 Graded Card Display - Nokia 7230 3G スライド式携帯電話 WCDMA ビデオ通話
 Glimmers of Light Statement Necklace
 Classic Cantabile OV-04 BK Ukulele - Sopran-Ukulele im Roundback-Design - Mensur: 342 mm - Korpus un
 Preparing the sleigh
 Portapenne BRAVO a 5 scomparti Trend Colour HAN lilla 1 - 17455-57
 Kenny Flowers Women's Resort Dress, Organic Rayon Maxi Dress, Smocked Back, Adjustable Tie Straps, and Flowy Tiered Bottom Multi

* * *

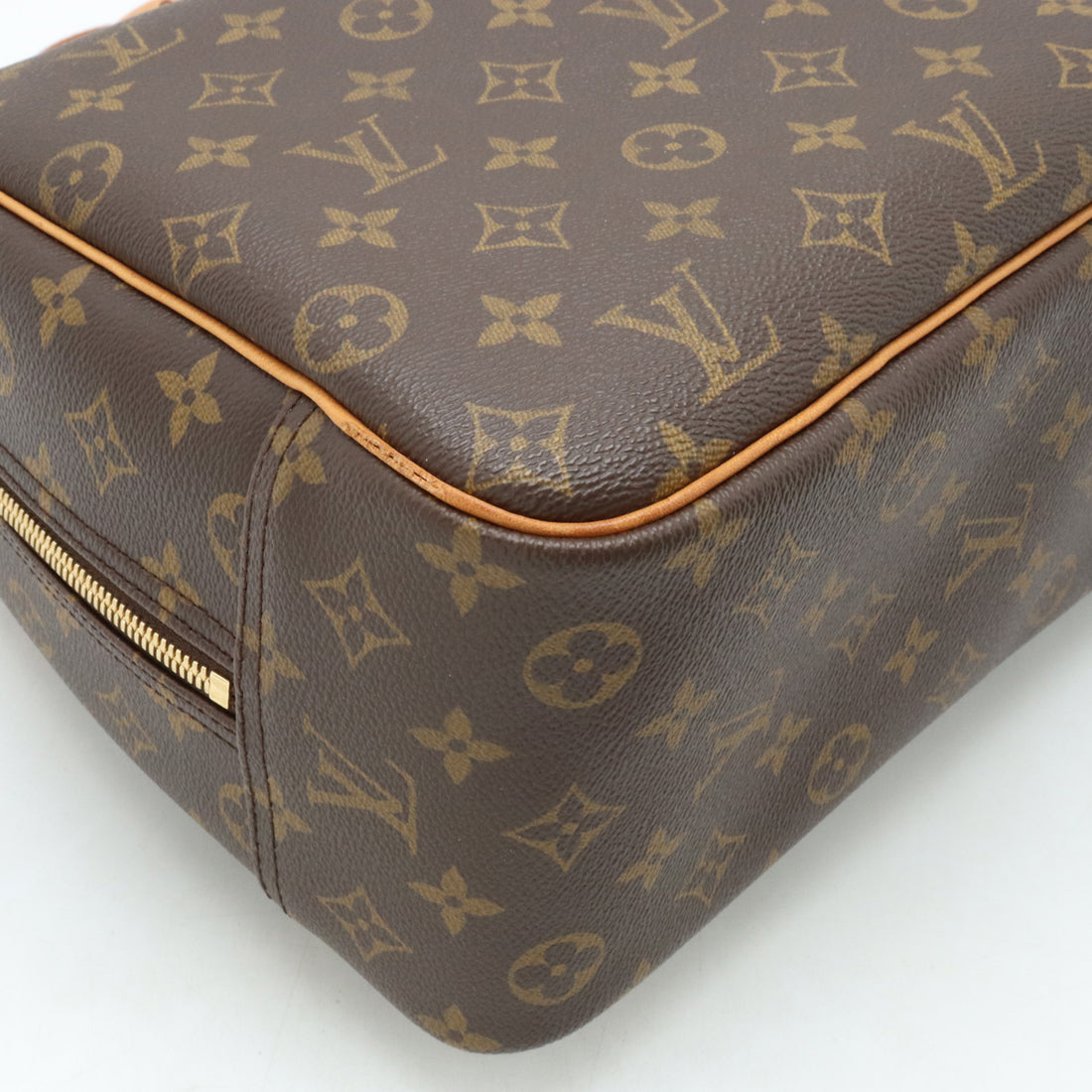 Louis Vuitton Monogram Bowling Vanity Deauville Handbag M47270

* * *

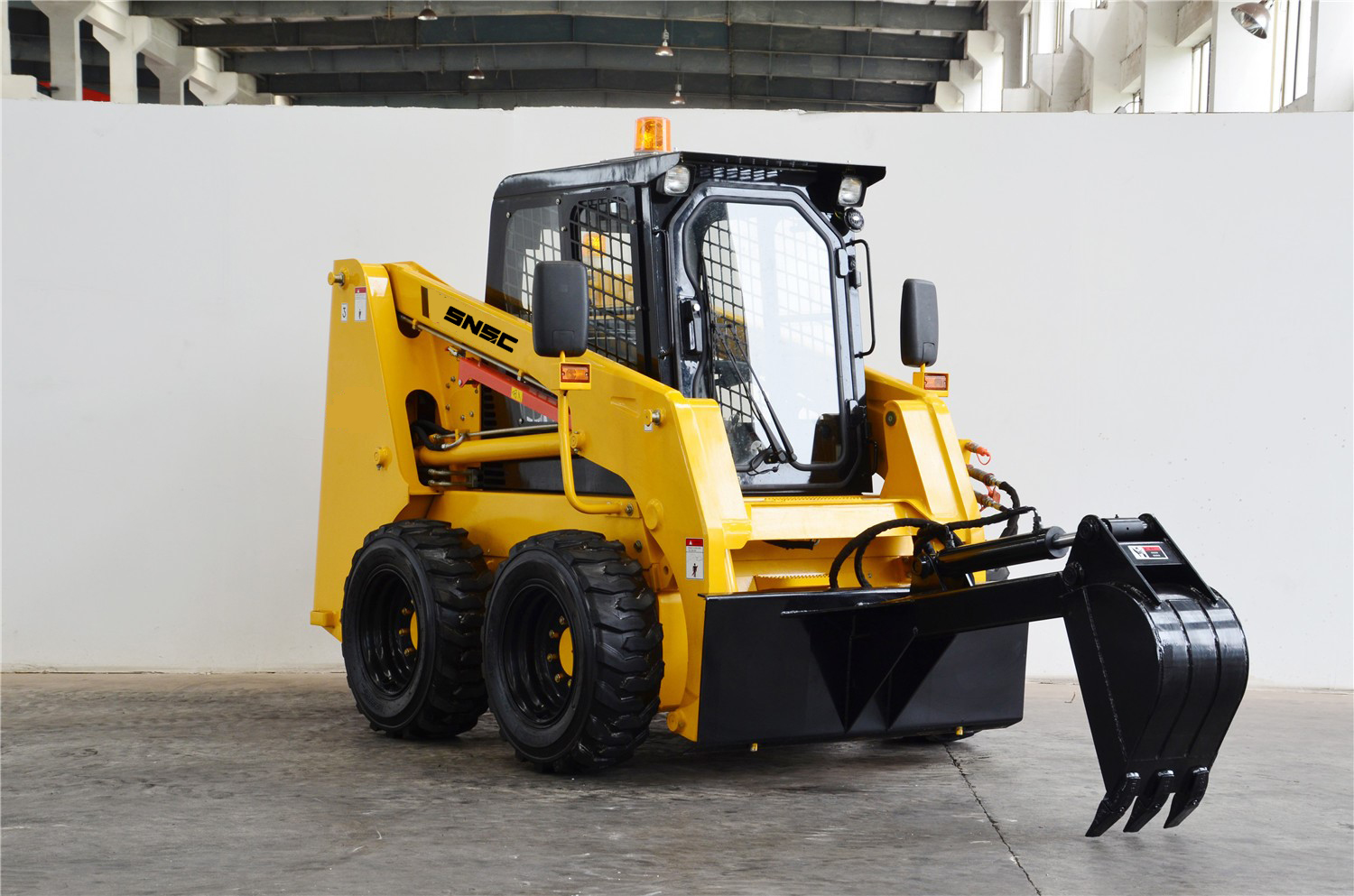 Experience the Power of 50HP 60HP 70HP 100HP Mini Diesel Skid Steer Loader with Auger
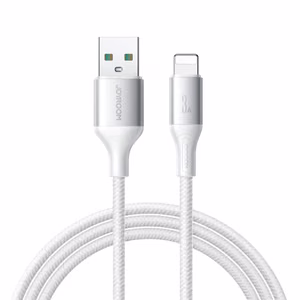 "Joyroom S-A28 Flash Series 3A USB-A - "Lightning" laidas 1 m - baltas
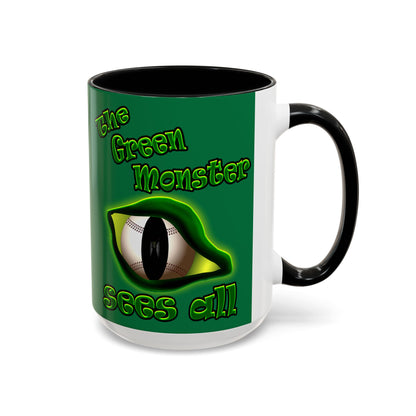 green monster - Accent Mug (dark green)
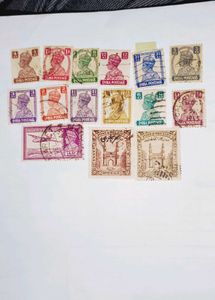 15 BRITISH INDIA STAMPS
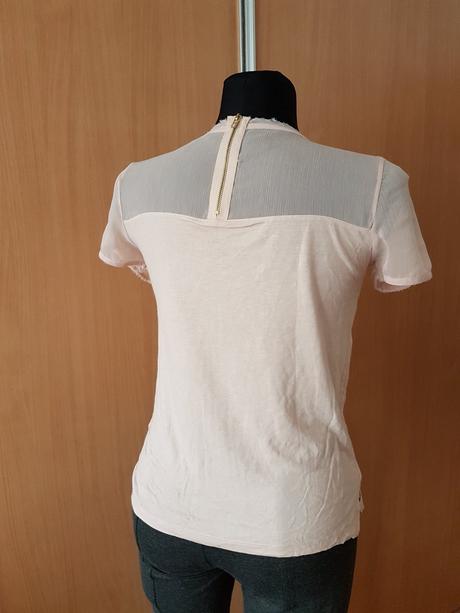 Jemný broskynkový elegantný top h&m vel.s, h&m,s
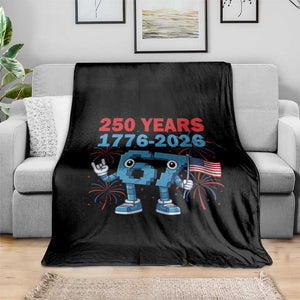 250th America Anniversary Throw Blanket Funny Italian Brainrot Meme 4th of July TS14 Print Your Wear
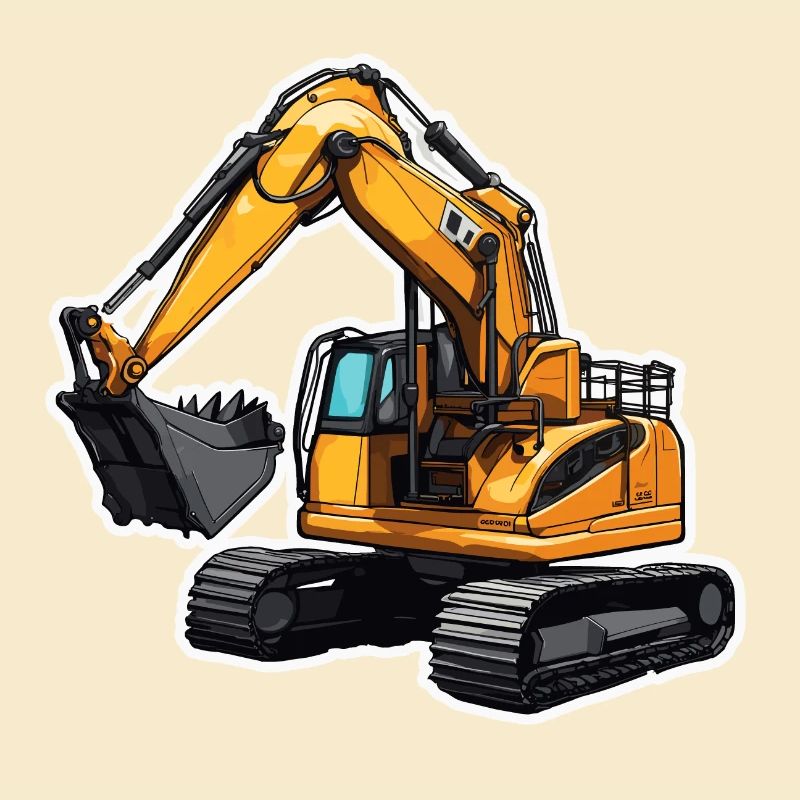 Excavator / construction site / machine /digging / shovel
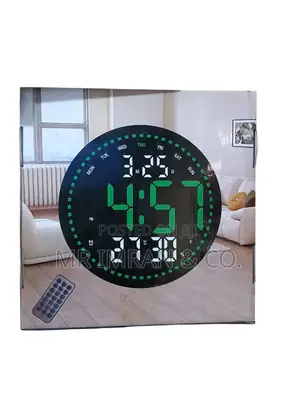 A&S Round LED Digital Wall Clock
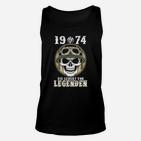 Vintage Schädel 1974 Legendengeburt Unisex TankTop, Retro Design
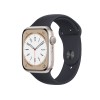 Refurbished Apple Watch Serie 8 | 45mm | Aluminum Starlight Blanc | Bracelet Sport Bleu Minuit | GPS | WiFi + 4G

### DIRECTIONS FOR THIS TASK
All lines in the listing above between the line with "Preparing the sleigh" and the line with "Kenny Flowers Women's", inclusive, should be set down exactly, and no line outside that range.

### RESPONSE TO THE EXERCISE
 Preparing the sleigh
 Portapenne BRAVO a 5 scomparti Trend Colour HAN lilla 1 - 17455-57
 Kenny Flowers Women's Resort Dress, Organic Rayon Maxi Dress, Smocked Back, Adjustable Tie Straps, and Flowy Tiered Bottom Multi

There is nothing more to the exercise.